### Supplied information

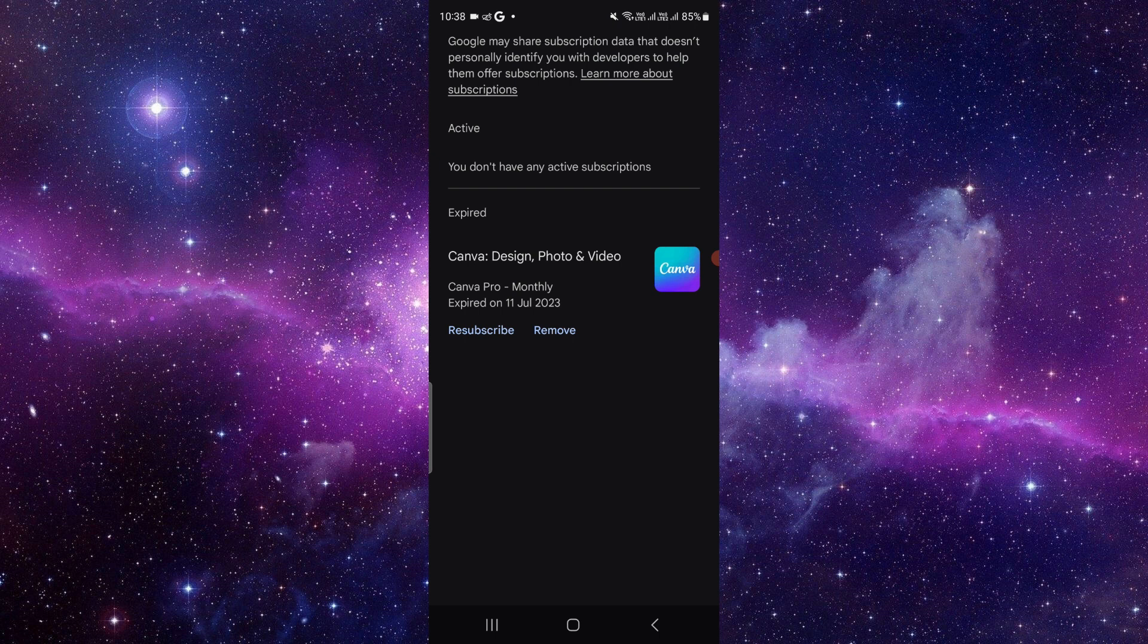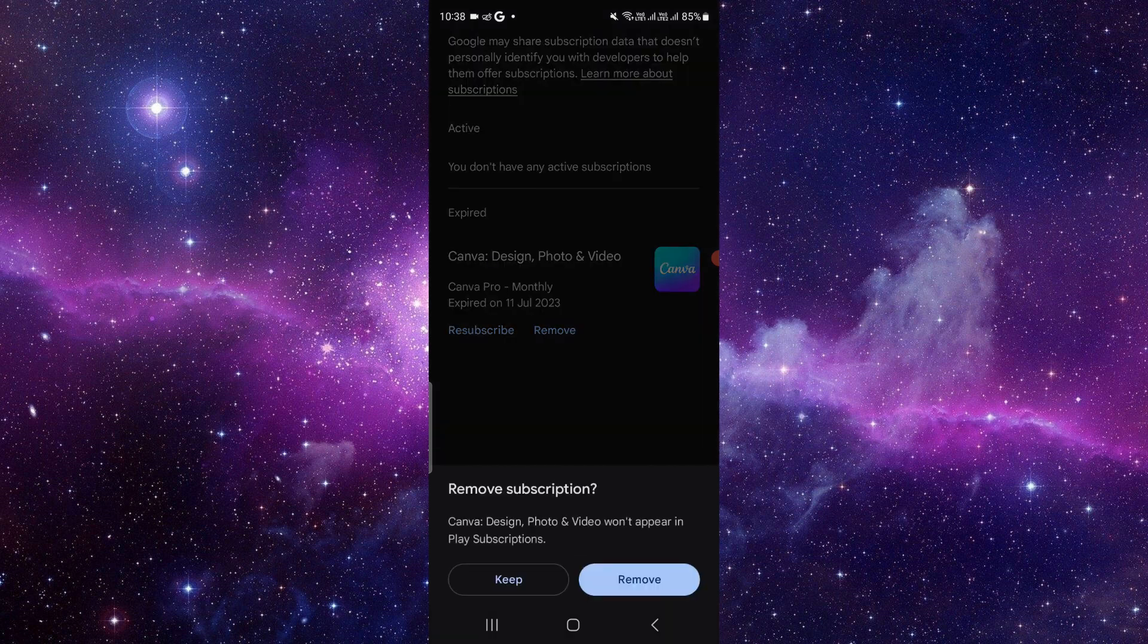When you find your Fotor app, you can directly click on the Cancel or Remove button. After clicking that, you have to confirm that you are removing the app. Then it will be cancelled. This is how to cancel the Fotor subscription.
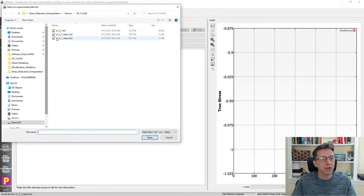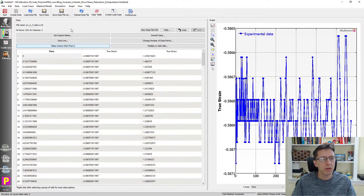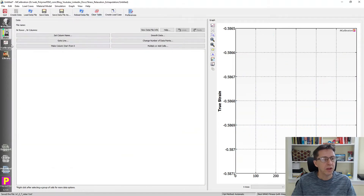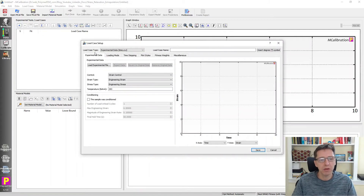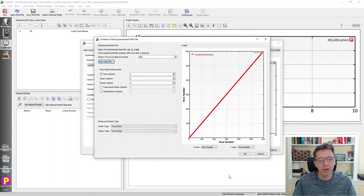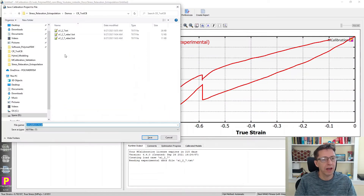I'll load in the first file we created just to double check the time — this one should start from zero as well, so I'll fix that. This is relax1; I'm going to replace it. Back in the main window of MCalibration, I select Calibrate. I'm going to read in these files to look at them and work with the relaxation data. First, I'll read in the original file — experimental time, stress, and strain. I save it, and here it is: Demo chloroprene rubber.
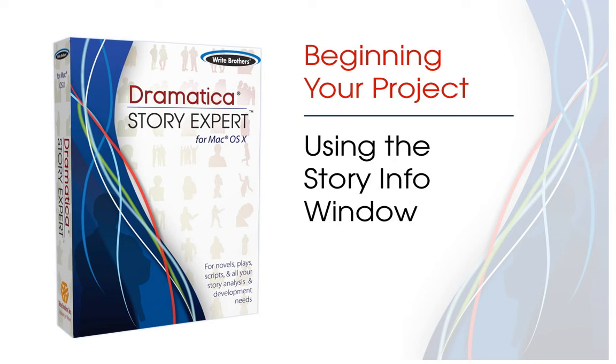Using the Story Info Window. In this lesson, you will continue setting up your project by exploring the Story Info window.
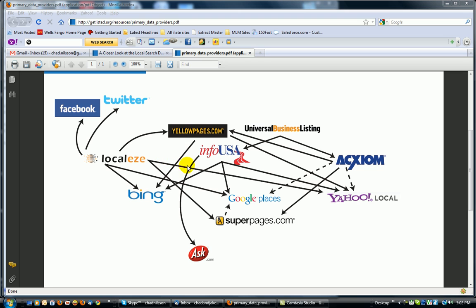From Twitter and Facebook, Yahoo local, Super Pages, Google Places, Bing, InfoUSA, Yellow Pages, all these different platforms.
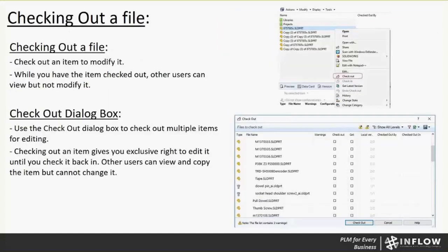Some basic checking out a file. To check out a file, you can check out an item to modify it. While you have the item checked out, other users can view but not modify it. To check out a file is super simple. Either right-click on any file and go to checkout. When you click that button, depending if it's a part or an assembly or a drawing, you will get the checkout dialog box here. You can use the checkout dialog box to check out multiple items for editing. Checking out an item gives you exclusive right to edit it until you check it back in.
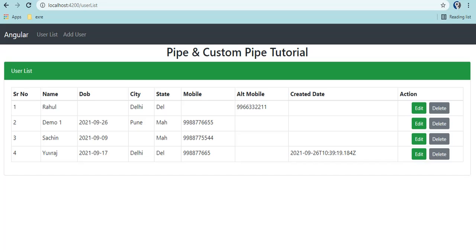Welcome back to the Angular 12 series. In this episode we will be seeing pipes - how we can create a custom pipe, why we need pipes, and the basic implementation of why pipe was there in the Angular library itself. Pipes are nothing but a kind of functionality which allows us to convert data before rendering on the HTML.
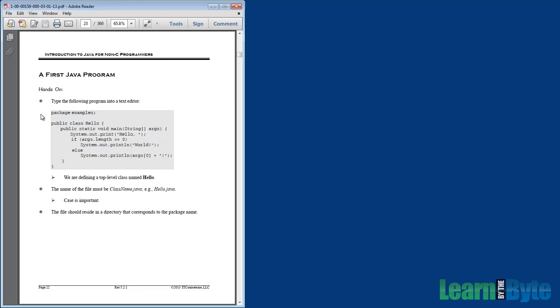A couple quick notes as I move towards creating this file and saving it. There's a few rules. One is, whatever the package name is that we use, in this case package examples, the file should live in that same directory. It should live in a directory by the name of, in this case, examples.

--

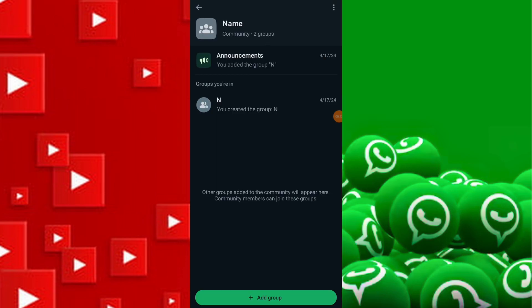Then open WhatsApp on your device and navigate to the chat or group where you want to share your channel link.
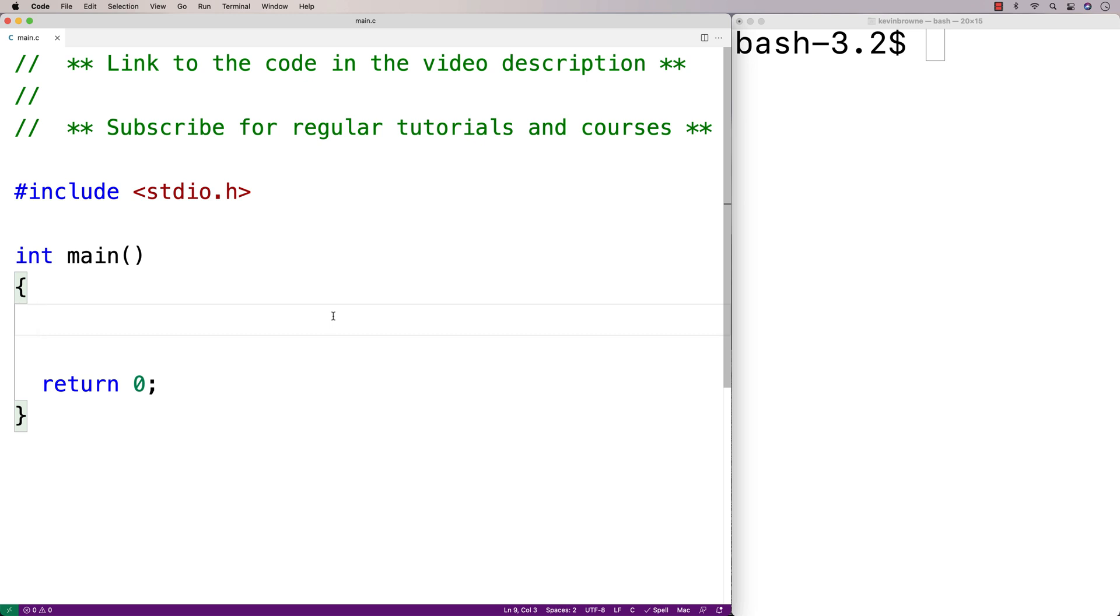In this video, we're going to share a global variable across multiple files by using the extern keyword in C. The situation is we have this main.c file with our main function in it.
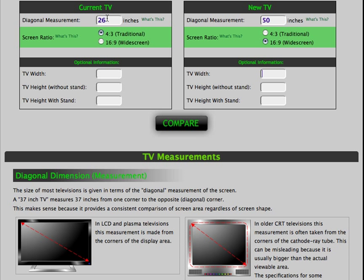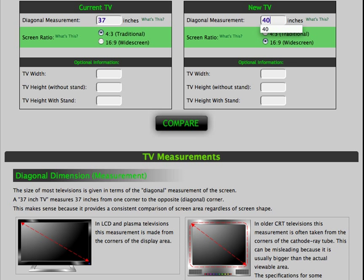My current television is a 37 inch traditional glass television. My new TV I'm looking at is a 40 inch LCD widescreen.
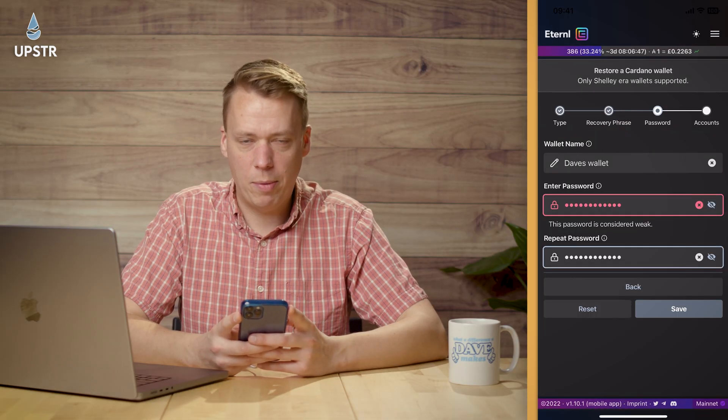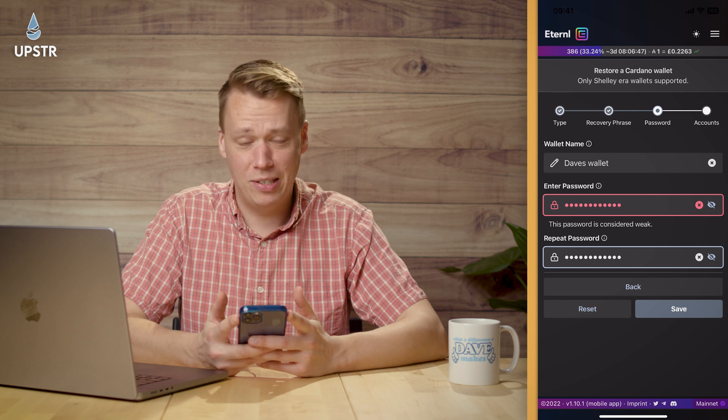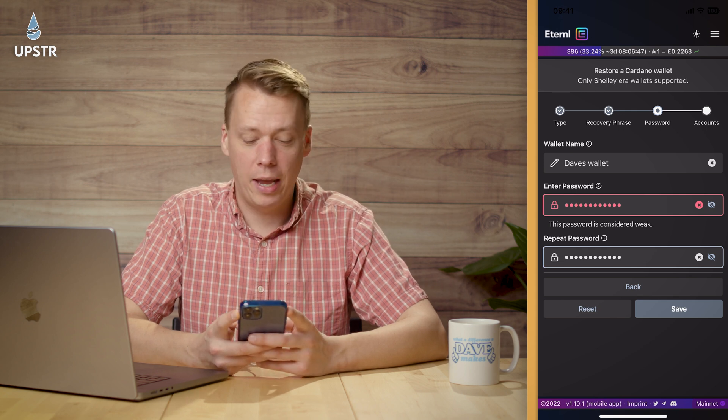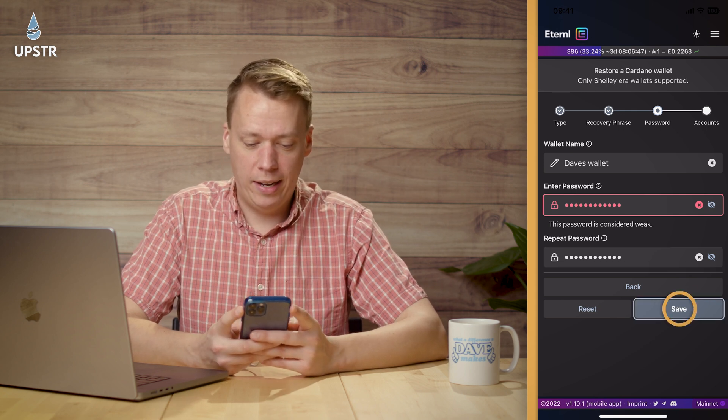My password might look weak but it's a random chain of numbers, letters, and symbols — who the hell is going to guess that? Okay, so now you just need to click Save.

### Problem description
Write out word for word the lines above that run from the one with "When you find" to the one with "I'll load in". Include both end lines; exclude the images.

### Your response
When you find your Fotor app, you can directly click on the Cancel or Remove button. After clicking that, you have to confirm that you are removing the app. Then it will be cancelled. This is how to cancel the Fotor subscription.
I'll load in the first file we created just to double check the time — this one should start from zero as well, so I'll fix that. This is relax1; I'm going to replace it. Back in the main window of MCalibration, I select Calibrate. I'm going to read in these files to look at them and work with the relaxation data. First, I'll read in the original file — experimental time, stress, and strain. I save it, and here it is: Demo chloroprene rubber.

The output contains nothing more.